OTN (optical transport network) is an optical network protocol that efficiently deals with network traffic demands by mapping storage, video, voice, and other types of protocols at different rates into the same 10G (OTU2), 100G (OTU4), 200G (OTUC2), or 400G (OTUC4) uplink. This provides simpler high bandwidth capabilities at a comparatively low cost. OTN relies on ITU-T G.709 standard to transparently encapsulate client signals and provide faster troubleshooting and monitoring capabilities for high SLA. OTN includes the additional benefit of forward error correction (FEC) which enables transport over longer distances with less regeneration sites.
What is Layer-1 Encryption in Fiber Optics?
It is now more evident that it is possible to tap the fiber optic cable and extract the data transmitted over it.
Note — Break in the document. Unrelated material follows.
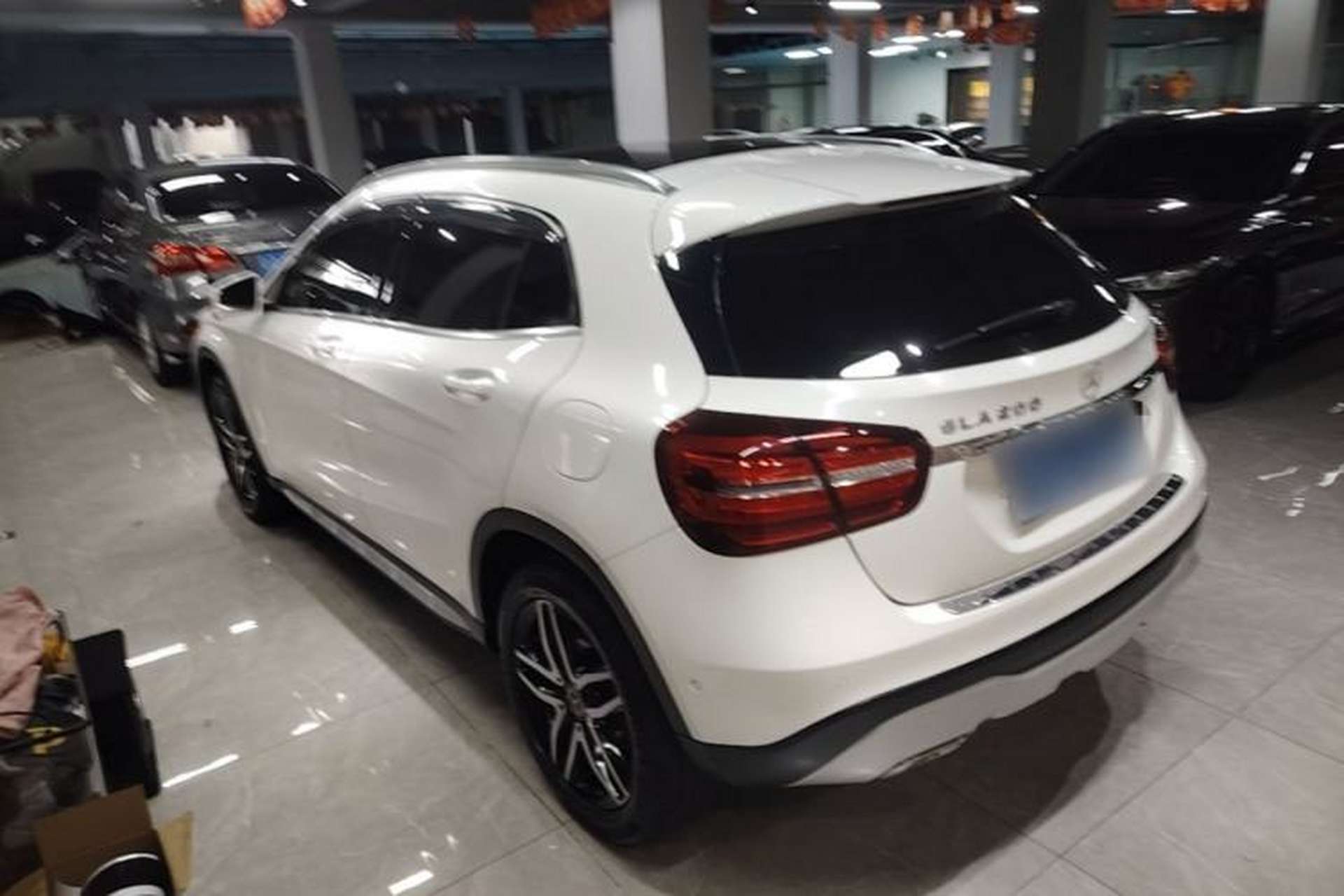 Used Mercedes-Benz GLA 2017 GLA 200 Fashion Model Rear Left 45 Deg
Encryption of Layer-1, the optical layer, answers the data security needs of DWDM and OTN links, while adhering to requirements and regulations that have been put into place to maintain confidentiality, data integrity, and authentication. Implementing encryption at Layer-1 of the signal has several advantages: multiple client services are supported, deployment is relatively simple, it is transparent to the traffic at full bandwidth without degradation to the link and no omissions, and it supports low latency applications. The optical layer can also detect tapping attempts as power levels of the DWDM channels are constantly monitored and alerts are raised if there is any change.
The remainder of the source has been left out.